THE PROBLEM —
There are pictures in the records below; leave them out and set down exactly the lines from the one holding "[chamer] Vòng Tay" through the one holding "morabloomy Baby Lounger, Portable".
====== INPUT FOR THIS TASK
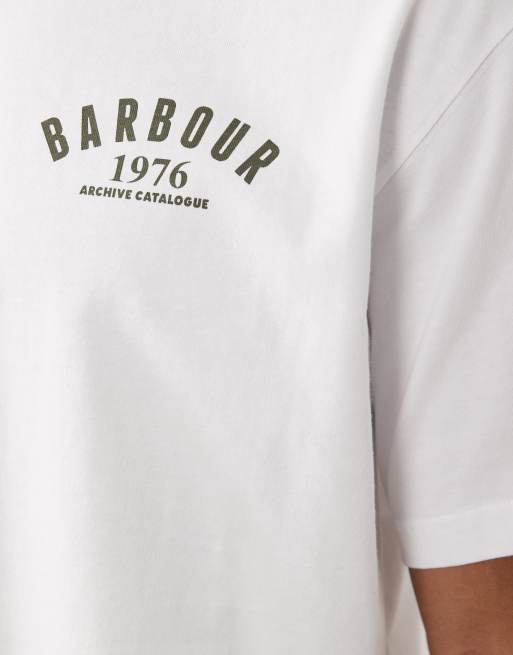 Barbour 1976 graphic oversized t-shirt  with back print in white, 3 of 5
============
====== INPUT FOR THIS TASK
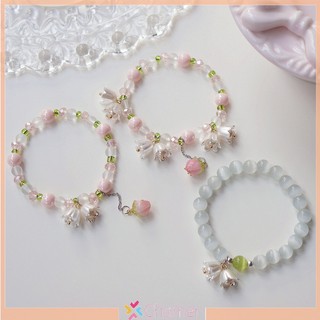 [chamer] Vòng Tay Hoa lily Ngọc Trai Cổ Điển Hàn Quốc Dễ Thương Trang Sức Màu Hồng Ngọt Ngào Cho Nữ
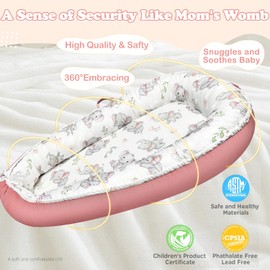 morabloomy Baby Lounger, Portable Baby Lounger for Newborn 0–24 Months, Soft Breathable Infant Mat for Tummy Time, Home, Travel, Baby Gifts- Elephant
============
PROBLEM SOLUTION —
 [chamer] Vòng Tay Hoa lily Ngọc Trai Cổ Điển Hàn Quốc Dễ Thương Trang Sức Màu Hồng Ngọt Ngào Cho Nữ
 morabloomy Baby Lounger, Portable Baby Lounger for Newborn 0–24 Months, Soft Breathable Infant Mat for Tummy Time, Home, Travel, Baby Gifts- Elephant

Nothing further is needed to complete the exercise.